# What the task asks
Return the lines beginning at the one that contains "Used 2026 Cadillac" and running to the end of the records, exactly and with nothing else. Omit pictures.

(Stored items from a collection)

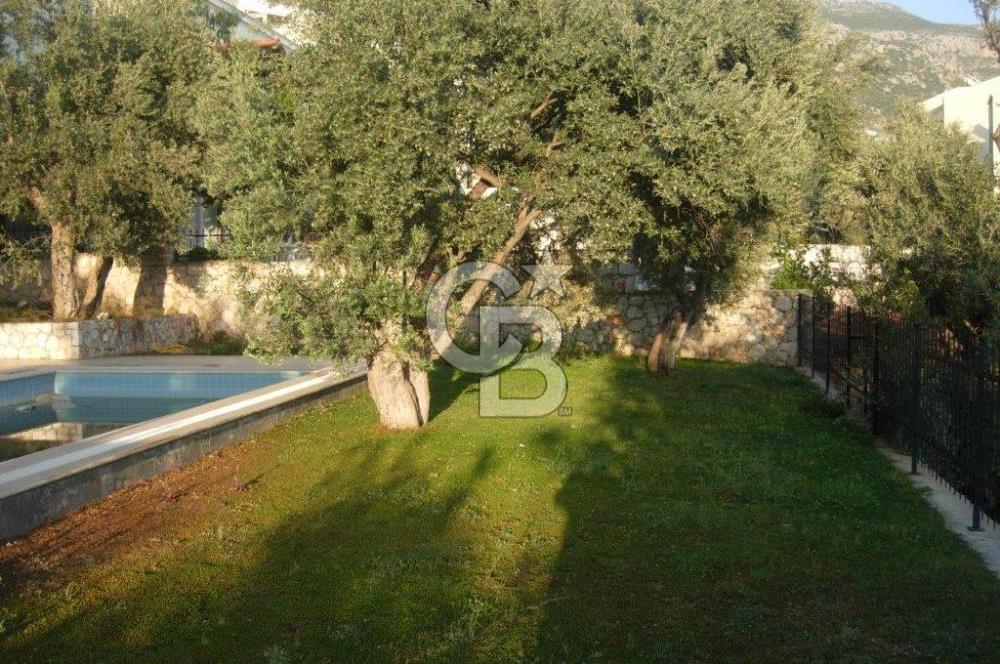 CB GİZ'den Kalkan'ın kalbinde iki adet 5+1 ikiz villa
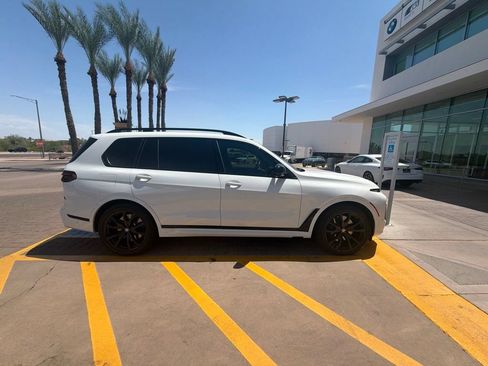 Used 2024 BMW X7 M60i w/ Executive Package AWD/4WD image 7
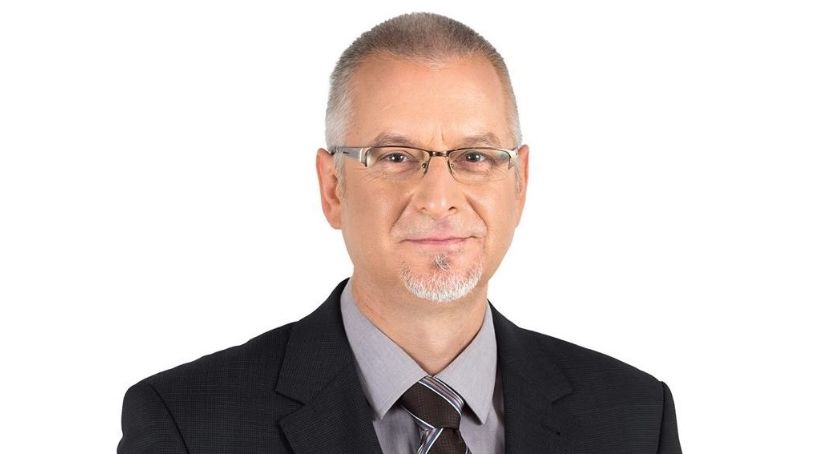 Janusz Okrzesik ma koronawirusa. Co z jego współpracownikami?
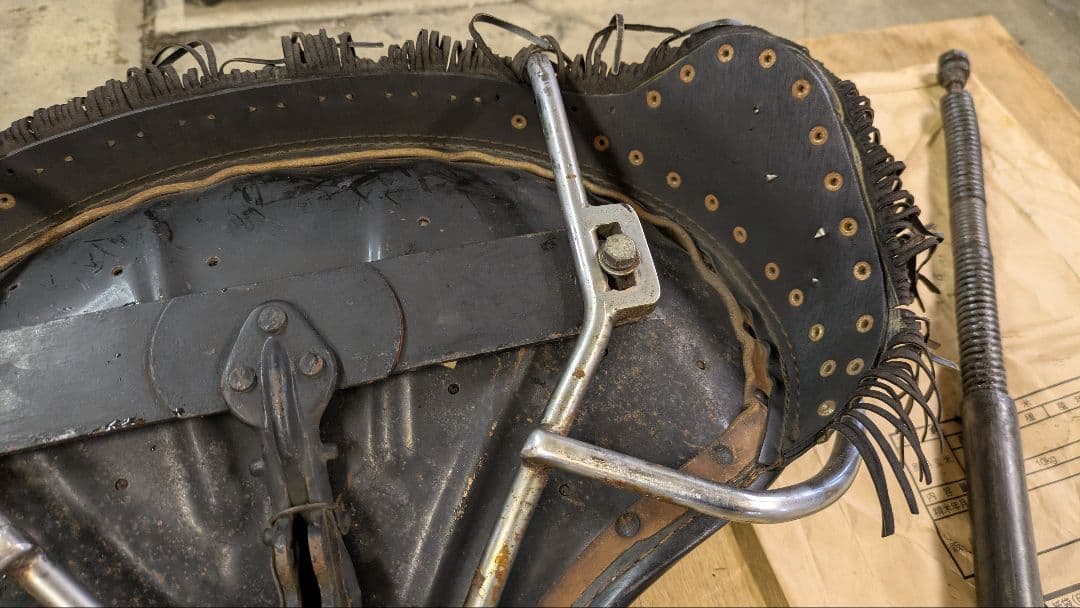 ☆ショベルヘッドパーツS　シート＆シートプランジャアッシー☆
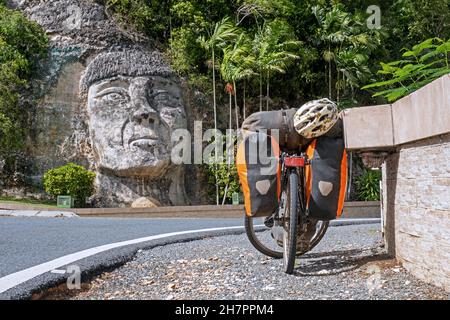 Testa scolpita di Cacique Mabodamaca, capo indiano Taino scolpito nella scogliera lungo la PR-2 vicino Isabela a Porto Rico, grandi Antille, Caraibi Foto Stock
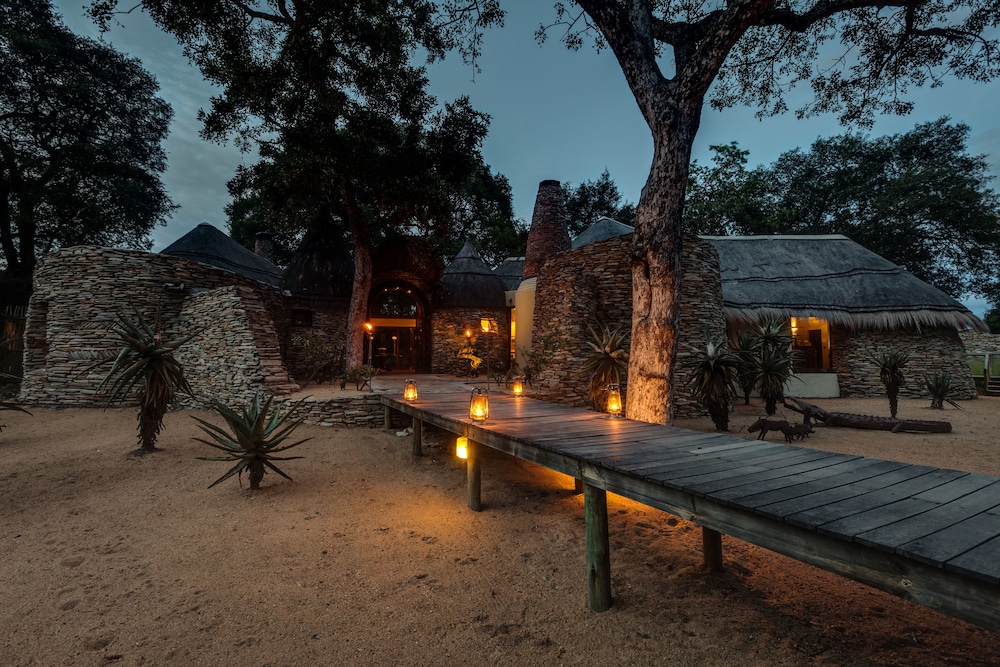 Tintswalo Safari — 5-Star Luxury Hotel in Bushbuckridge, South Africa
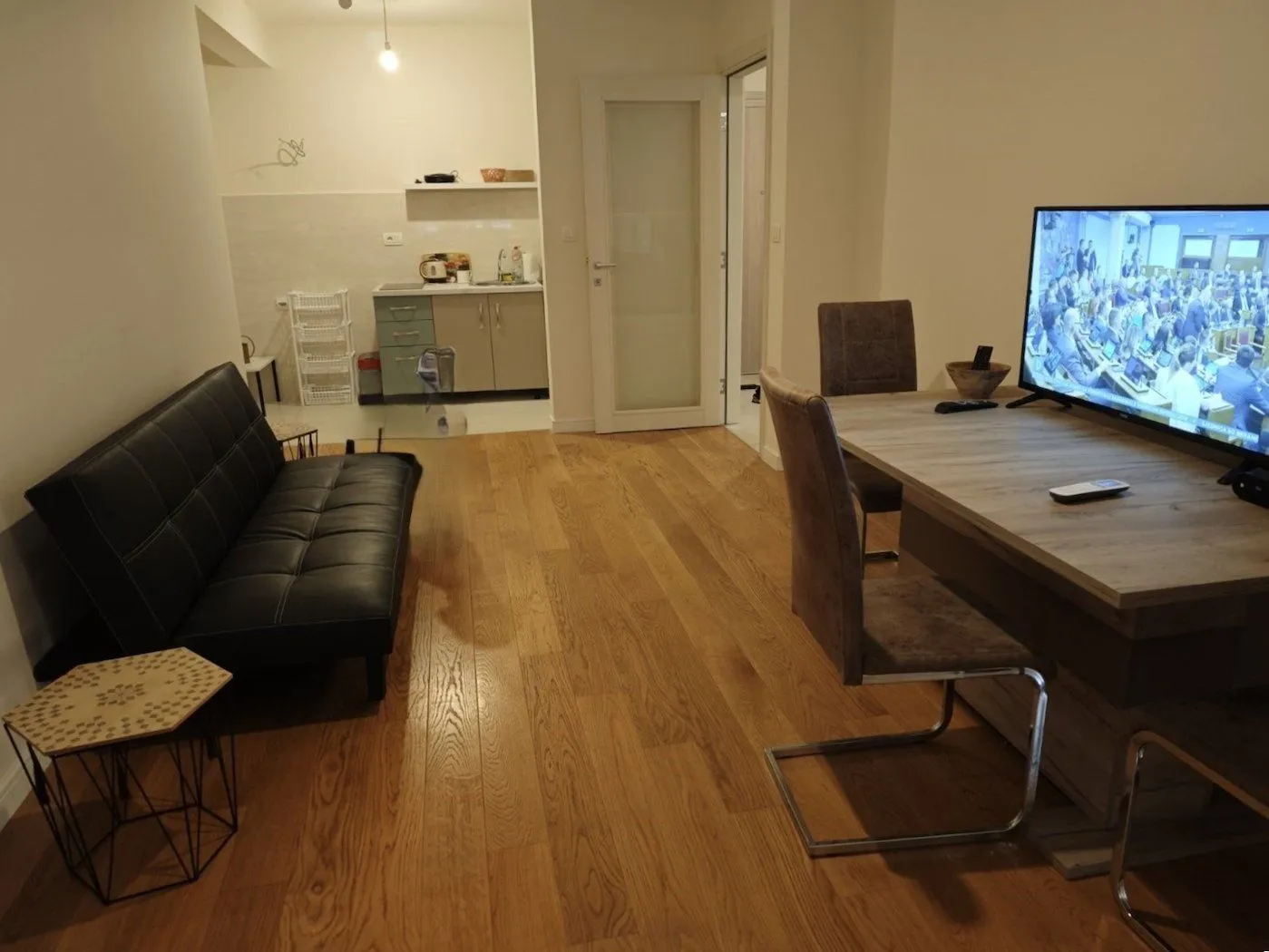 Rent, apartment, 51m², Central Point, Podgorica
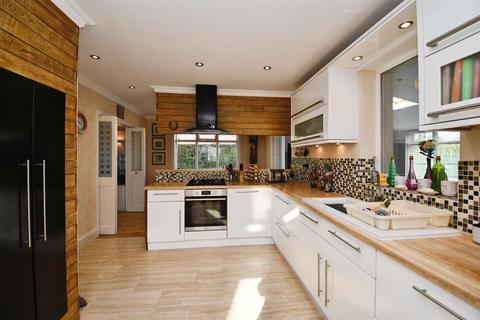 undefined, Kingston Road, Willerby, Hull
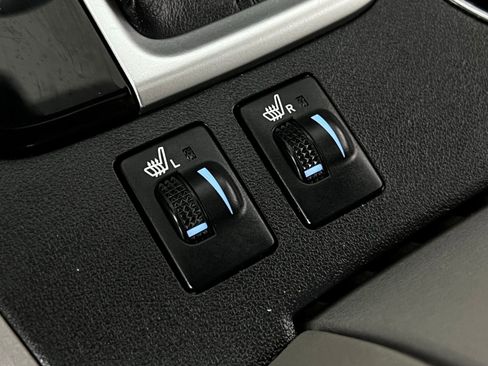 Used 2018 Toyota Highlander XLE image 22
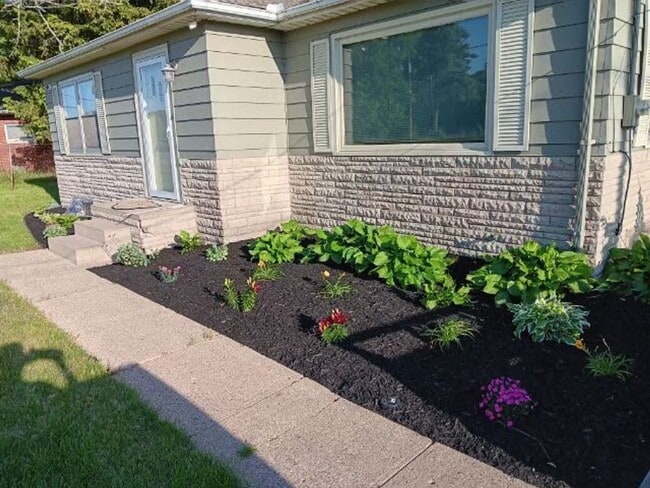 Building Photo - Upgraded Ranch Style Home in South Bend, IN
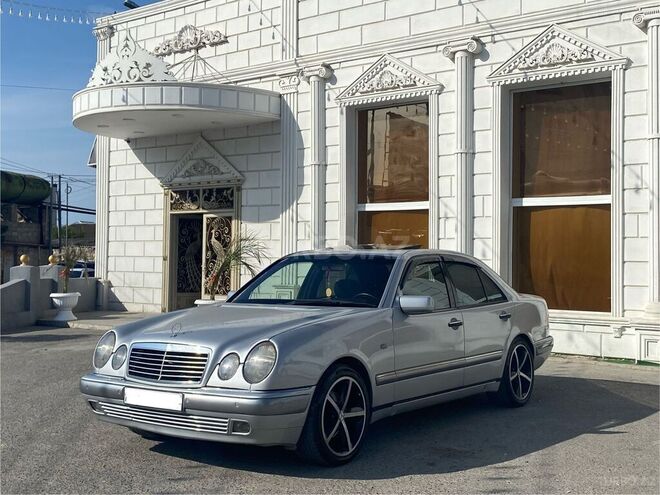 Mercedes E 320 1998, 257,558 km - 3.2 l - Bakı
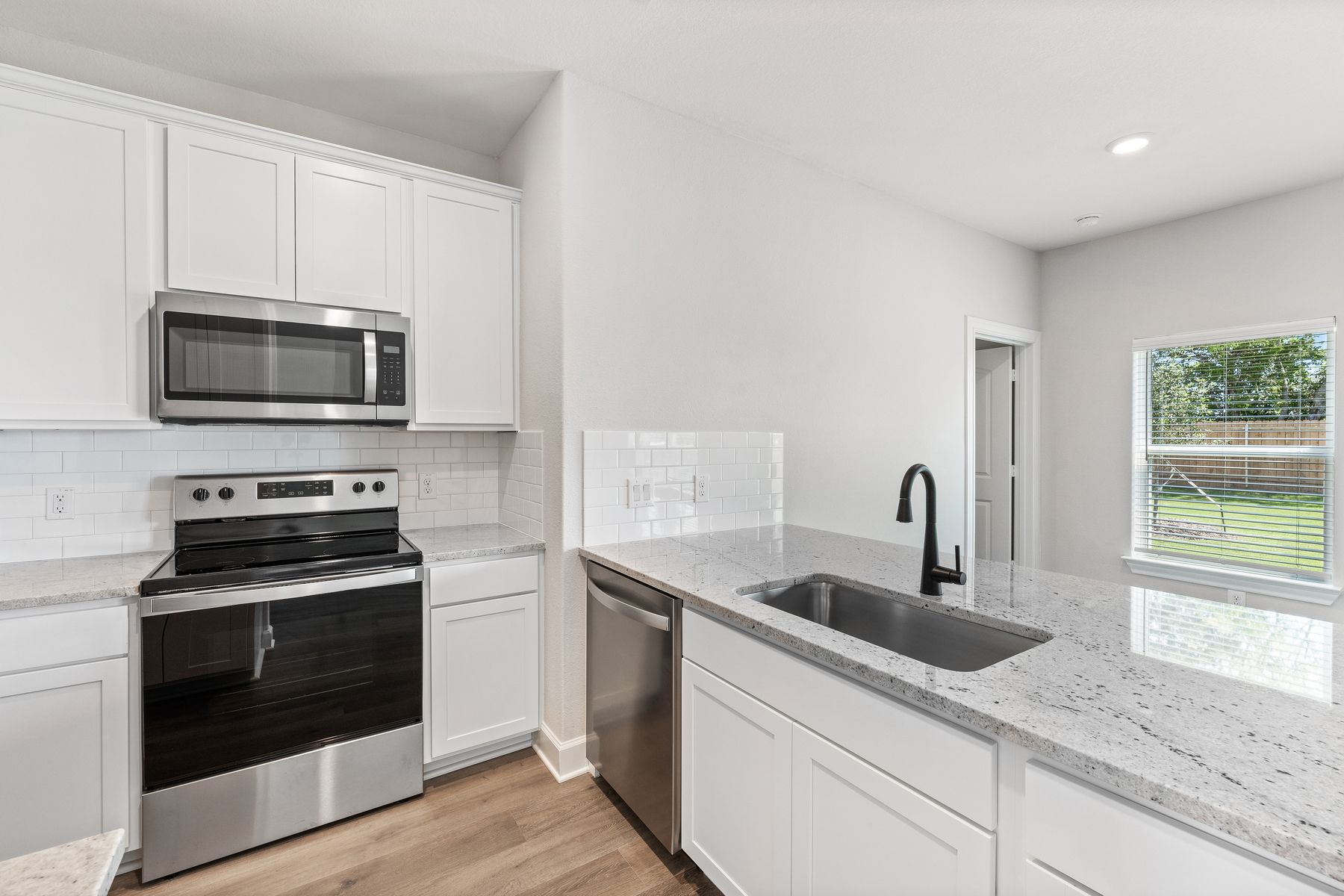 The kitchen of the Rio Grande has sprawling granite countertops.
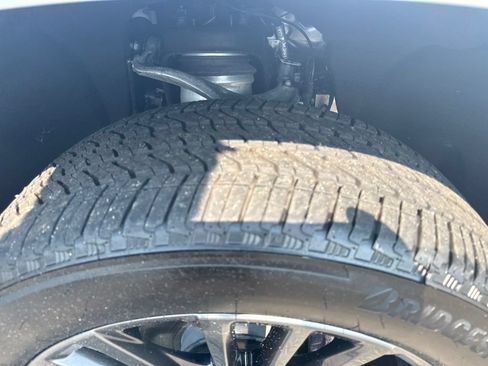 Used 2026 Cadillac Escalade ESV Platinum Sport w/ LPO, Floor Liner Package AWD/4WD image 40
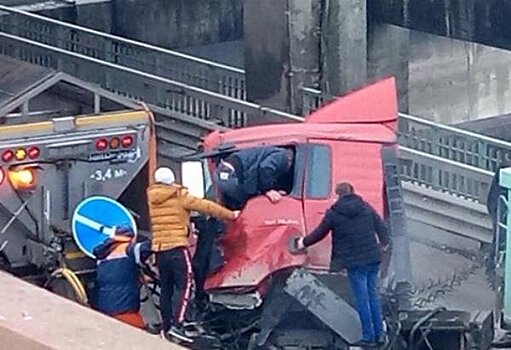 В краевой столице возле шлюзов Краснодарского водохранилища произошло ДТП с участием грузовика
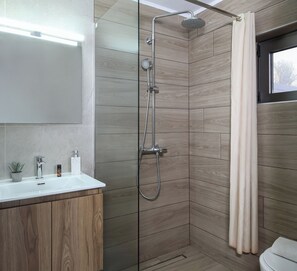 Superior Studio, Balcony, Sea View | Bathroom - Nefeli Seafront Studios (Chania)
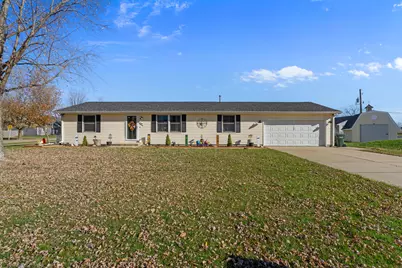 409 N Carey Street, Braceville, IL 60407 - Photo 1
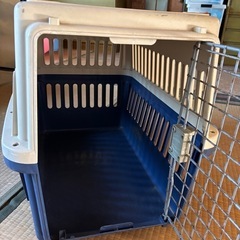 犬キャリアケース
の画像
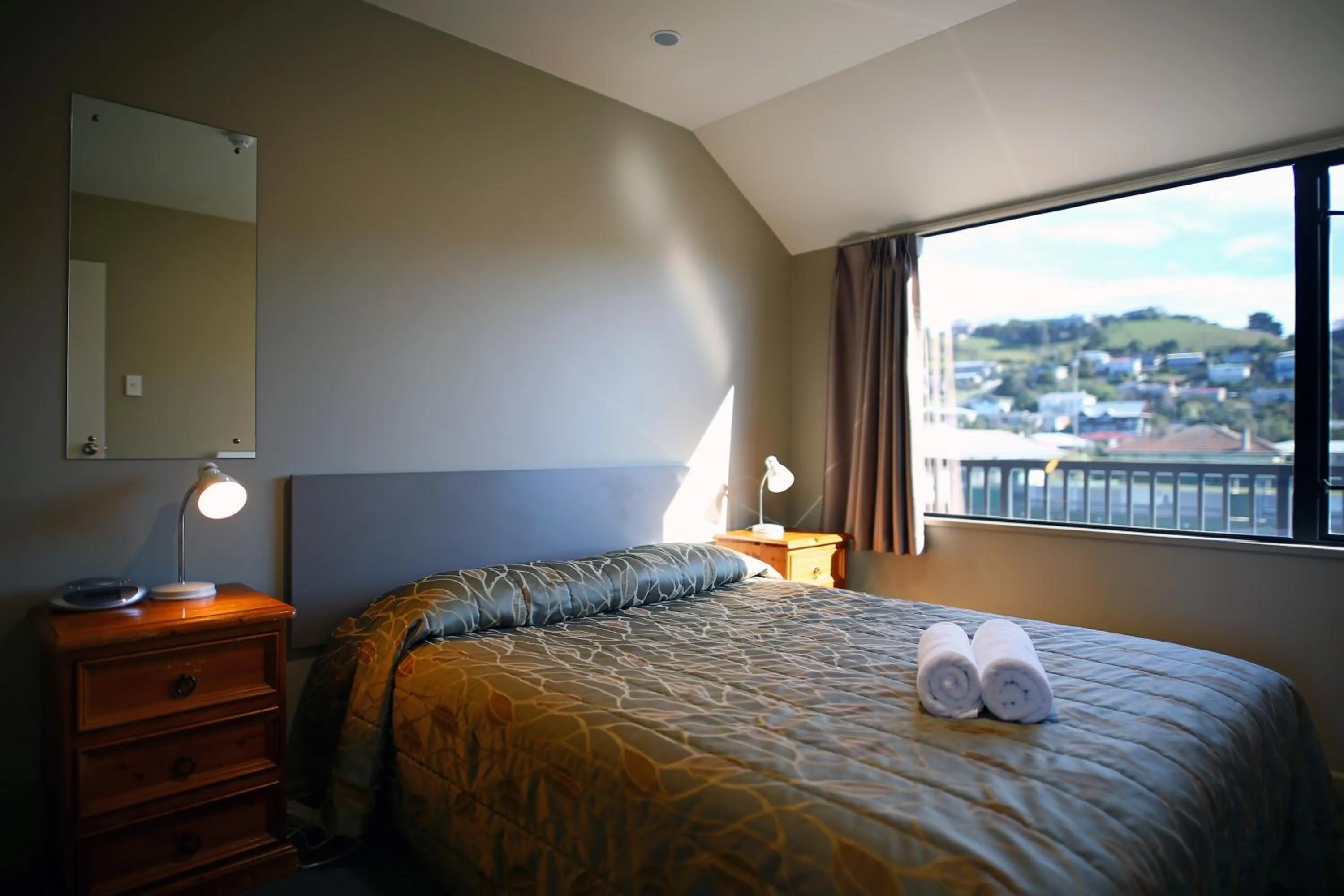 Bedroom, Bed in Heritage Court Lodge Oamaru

# Worked solution
 Used 2026 Cadillac Escalade ESV Platinum Sport w/ LPO, Floor Liner Package AWD/4WD image 40
 В краевой столице возле шлюзов Краснодарского водохранилища произошло ДТП с участием грузовика
 Superior Studio, Balcony, Sea View | Bathroom - Nefeli Seafront Studios (Chania)
 409 N Carey Street, Braceville, IL 60407 - Photo 1
 犬キャリアケース
の画像
 Bedroom, Bed in Heritage Court Lodge Oamaru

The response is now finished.